When $X$ is a finite set, all possible well-orderings of $X$ has the same order type; conversely, all finite ordinals have different cardinalities, and thus all finite ordinals are initial ordinals. Under their respective von Neumann representations, both finite ordinals and finite cardinals are identified with von Neumann natural numbers, and cardinal and ordinal arithmetic (addition, multiplication, power, proper subtraction) give the same answers for finite numbers.

On the other hand, many different infinite ordinal numbers can have the same cardinality. For example, the first infinite ordinal $\omega$ has the same cardinality as $\omega+1$, $\omega^2$, $\omega^\omega$, $\epsilon_{0}$..., all of which are countable ordinals. Among these, only $\omega$ itself is an initial ordinal.

The $\alpha$-th infinite initial ordinal is written $\omega_\alpha$. Its cardinality is written $\aleph_{\alpha}$ (the $\alpha$-th aleph number). For example, $\omega$ is also written as $\omega_0$, and its cardinality (the cardinality of any countable set) as $\aleph_0$. The von Neumann cardinal assignment identifies $\omega_{\alpha}$ with $\aleph_{\alpha}$, but the notation $\aleph_{\alpha}$ is used for writing cardinals, and $\omega_{\alpha}$ for writing ordinals. This is important because arithmetic on cardinals is different from arithmetic on ordinals. For example, $2^\omega=\omega<\omega^2$ in ordinal arithmetic while $2^{\aleph_0}>\aleph_0=\aleph_0^2$ in cardinal arithmetic, even though under the von Neumann cardinal assignment $\aleph_0$ and $\omega$ are represented by the same set.

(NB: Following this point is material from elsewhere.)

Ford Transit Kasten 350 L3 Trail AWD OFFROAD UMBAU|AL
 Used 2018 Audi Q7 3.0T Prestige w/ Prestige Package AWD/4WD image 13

Also, $\omega_{1}$ is the smallest uncountable ordinal (to see that it exists, consider the set of equivalence classes of well-orderings of the natural numbers; each such well-ordering defines a countable ordinal, and $\omega_{1}$ is the order type of that set), $\omega_{2}$ is the smallest ordinal whose cardinality is greater than $\aleph_{1}$, and so on, and $\omega_{\omega}$ is the limit of $\omega_{n}$ for natural numbers $n$ (any limit of cardinals is a cardinal, so this limit is indeed the first cardinal after all the $\omega_{n}$).

Infinite initial ordinals are limit ordinals. Using ordinal arithmetic, $\alpha<\omega_{\beta}$ implies $\alpha+\omega_{\beta}=\omega_{\beta}$, and 1 ≤ α < ω_{β} implies α·ω_{β} = ω_{β}, and 2 ≤ α < ω_{β} implies α^{ω_{β}} = ω_{β}. Using the Veblen hierarchy, β ≠ 0 and α < ω_{β} imply $\varphi_{\alpha}(\omega_{\beta}) = \omega_{\beta} \,$ and Γω_{β} = ω_{β}. Indeed, one can go far beyond this. So as an ordinal, an infinite initial ordinal is an extremely strong kind of limit.

=== Scott cardinals ===
If the axiom of choice is not assumed, then a different approach is needed. The oldest explicit definition of the cardinality of a set X (in Frege and Principia Mathematica) is as the class [X] of all sets that are equinumerous with X. This does not work in ZFC or other related systems of axiomatic set theory because if X is non-empty, this collection is too large to be a set. In fact, for X ≠ ∅ there is an injection from the universe into [X] by mapping a set m to {m} × X, and so by the axiom of limitation of size, [X] is a proper class. The definition does work however in type theory and in New Foundations and related systems. However, if we restrict from this class to those equinumerous with X that have the least rank, then it will work (this is a trick due to Dana Scott: it works because the collection of objects with any given rank is a set).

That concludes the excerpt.